FITS tile compression support in the stack?

parejkoj · July 5, 2016, 11:54pm

Has anyone tried using the stack with tile compressed FITS images? My attempt to tile-compress some calexps for jointcal’s validation data results in jointcal producing errors (for reasons I haven’t fully tracked down, but which may have to do with the handful of headers that change in the file when it is tile compressed).

In general, it would be useful for us to support FITS tile compression if we are going to use FITS files: it allows one to still potentially mostly memory map the data and access the headers without having to decompress the files. Tile compression is lossless for integer data, and lossy with a specifiable level of precision for floating point data.

boutigny · July 6, 2016, 6:56am

Some time agio, I tried compressing the calexps and run into a lot of trouble. I will try to dig in my notes to retrieve the details but the resukts was that it was not usable for calexps.
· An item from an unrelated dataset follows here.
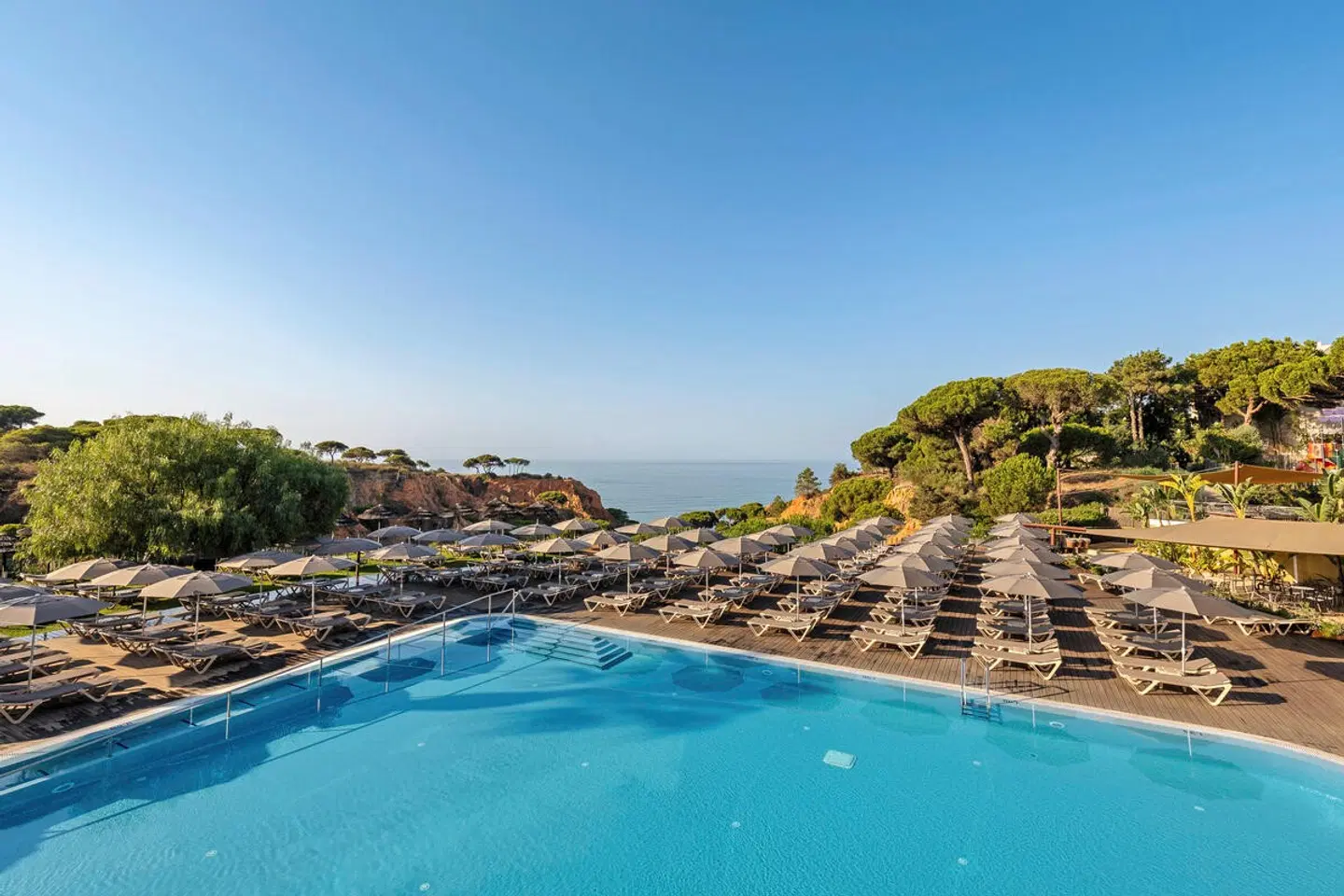 3HB Falésia Beach OUTDOOR_POOL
price · July 6, 2016, 7:49pm

The stack needs some work to support convenient on-the-fly FITS compression, e.g., we don’t want cfitsio scaling our floating-point data itself (because it doesn’t know about masked pixels). We can probably just adapt the code used in Pan-STARRS, which works fine. This is one of those things that we’ve always planned to do, but have just never gotten around to doing. Now that HSC’s data volume is growing rather rapidly, maybe it’s getting about time to do it?

parejkoj · July 6, 2016, 8:07pm

These all seem like good points. But whether we can read tile compressed FITS images seems like a separate question to me, from how we actually manage compressed data.
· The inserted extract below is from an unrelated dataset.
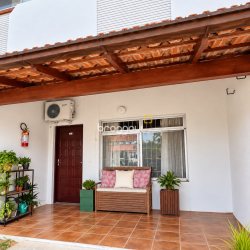 Apartamento com 83m², 2 quartos, 1 garagem, no bairro Canasvieiras em Florianópolis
price · July 6, 2016, 8:22pm

I think the stack will already support reading tile-compressed raw FITS images.

parejkoj · July 6, 2016, 8:33pm

Hmm, so what might be the problem with compressing calexps after the fact? Particularly when I’m not actually accessing the pixel data?

ktl · July 6, 2016, 8:35pm

I would compare the results of cfitsio fpack (which I believe the stack should read) with those from astropy.io.fits (which I think you’re using) to see what differences there are.

parejkoj · July 6, 2016, 8:37pm

Ok, I’ll give that a try. Note that I did find and fix the bug in astropy that was causing it to write non-valid compressed files before, so the files astropy produces now pass fitsverify.

parejkoj · July 7, 2016, 2:01am

Following up on this: I ran fpack (no arguments) on the images (without zeroing them out), and got a similar compression ratio to what astropy gave me. jointcal did not crash, but also did not fit the images correctly, suggesting that something is still going wrong in ingesting the data.

For my particular usecase (generating small-size test catalogs for jointcal), I have found a solution by zeroing the images and then gzipping them and using the fact that cfitsio will read the .fits.gz files “automatically” when the butler requests the .fits file. This isn’t an ideal solution (it’s vaguely magical), but I’m only using it for my test data so it will do for now.

I guess I’ll file a ticket about reading tile compressed images and someone can try to create some tests to see what exactly is failing?

ktl · July 7, 2016, 2:17pm

I didn’t realize what your actual problem was until reading @RHL’s other post. If all you really want is the image metadata including the binary-persisted ExposureInfo, you ought to be able to replace the image HDUs with single pixels rather than just replacing the current pixels with zeros. Then you shouldn’t need gzip. This will eventually be solved by persisting the ExposureInfo separately.

RHL · July 7, 2016, 2:22pm

@parejkoj tried that, but jointcal gets the bounding boxes from the image data.

ktl · July 7, 2016, 2:24pm

Darn. I believe composite datasets are a high priority item for the Butler.

price · July 7, 2016, 3:39pm

A common problem is trying to read NAXIS[12] from the header of a compressed image, but cfitsio doesn’t convert those when you read the image in. The Pan-STARRS FITS code includes some header manipulation to restore the header, which we may want to copy.

parejkoj · July 7, 2016, 5:18pm

I can’t confirm that NAXIS/NDIM was the actual problem, though I would not bet against it, but neither a single 0 “pixel” nor a 2x2 0 pixel array were accepted.